# Given material:
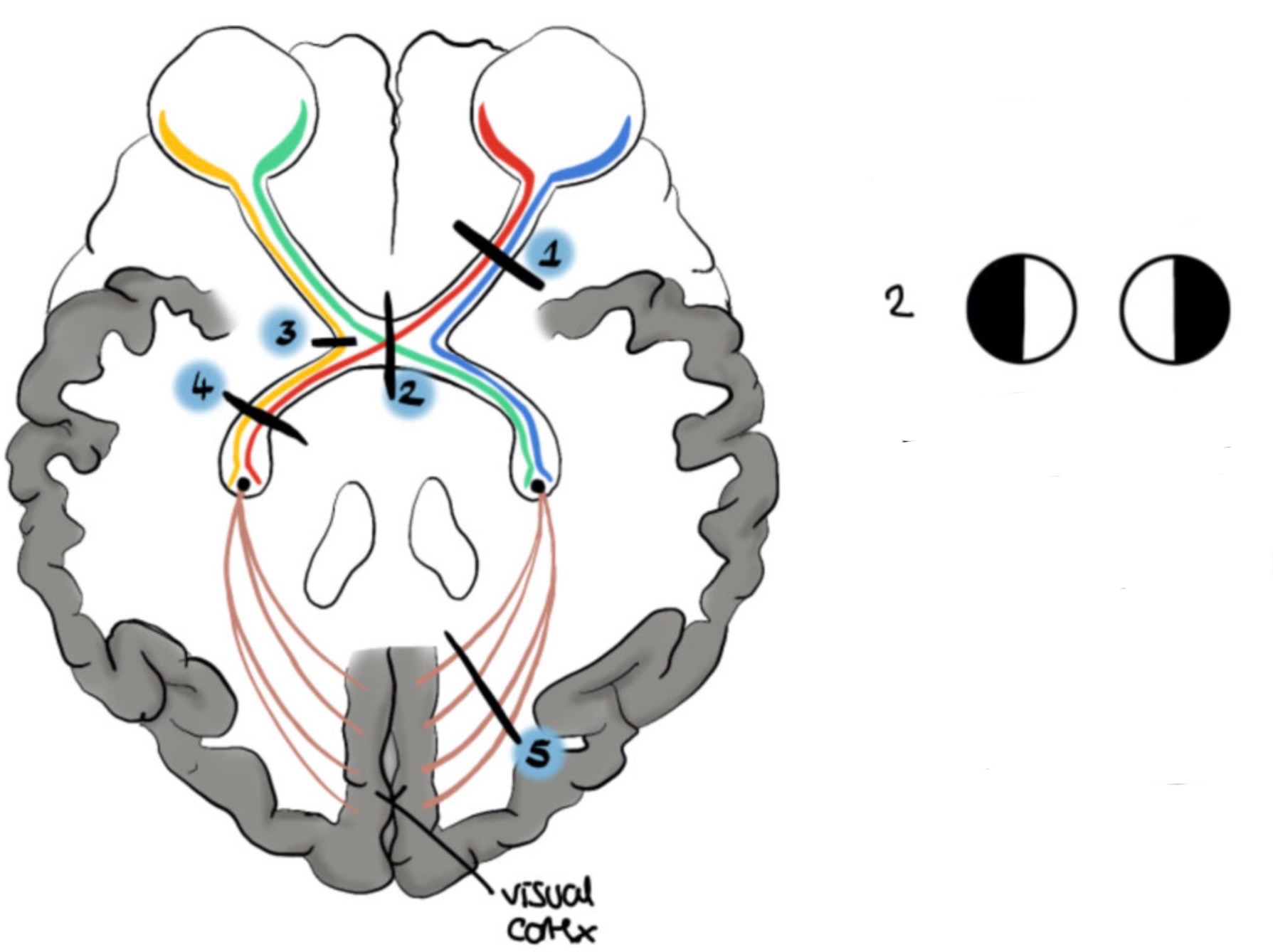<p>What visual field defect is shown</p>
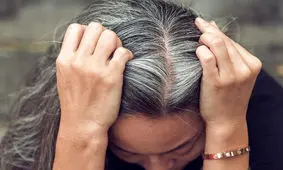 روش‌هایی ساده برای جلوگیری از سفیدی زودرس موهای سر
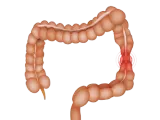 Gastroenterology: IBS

# To do:
Output the lines above in full and exactly as given, omitting any pictures.

# Finished task:
<p>What visual field defect is shown</p>
 روش‌هایی ساده برای جلوگیری از سفیدی زودرس موهای سر
 Gastroenterology: IBS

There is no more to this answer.